#### [WHAT TO PRODUCE]
Please copy out the entries below exactly, beginning with the line that contains "Mechanics working in" and ending with the line that contains "湖北襄阳：昔日矿区变景区 山村蝶变美如画", and include nothing outside that span.

#### [EXERCISE MATERIAL]
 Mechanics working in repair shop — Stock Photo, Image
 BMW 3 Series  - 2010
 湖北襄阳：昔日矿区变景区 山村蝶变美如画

...

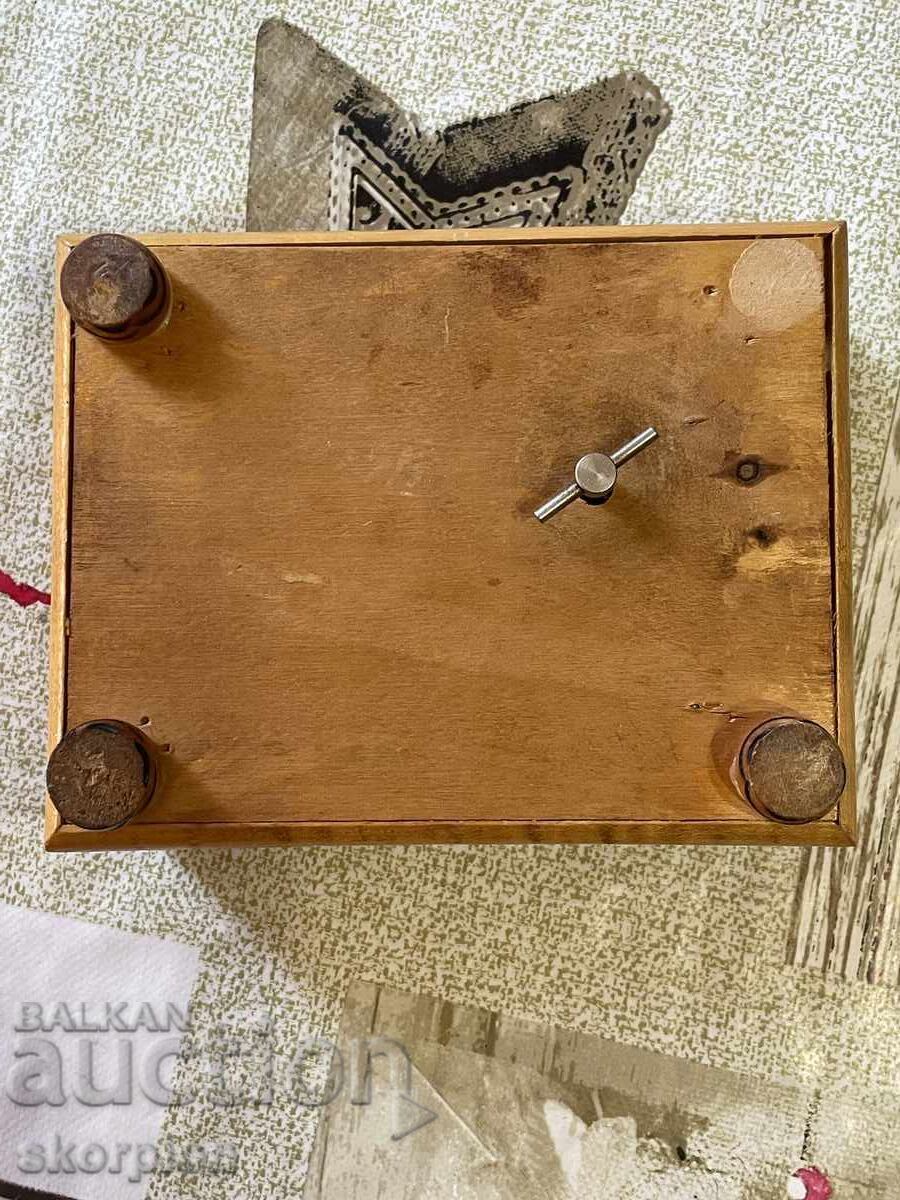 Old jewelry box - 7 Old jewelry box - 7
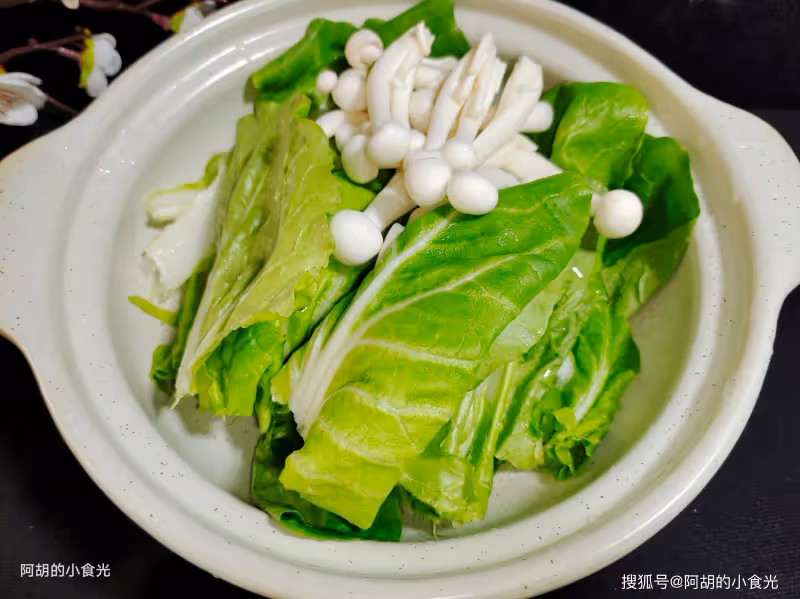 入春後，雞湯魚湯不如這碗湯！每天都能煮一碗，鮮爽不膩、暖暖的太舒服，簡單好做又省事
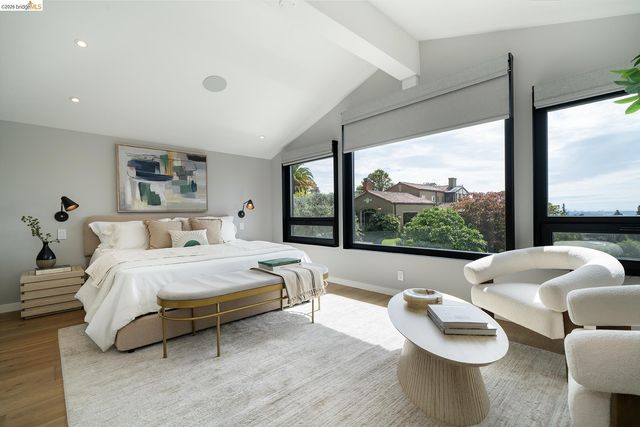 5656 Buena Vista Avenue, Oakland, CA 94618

#### [SOLUTION FOR THIS EXERCISE]
 Mechanics working in repair shop — Stock Photo, Image
 BMW 3 Series  - 2010
 湖北襄阳：昔日矿区变景区 山村蝶变美如画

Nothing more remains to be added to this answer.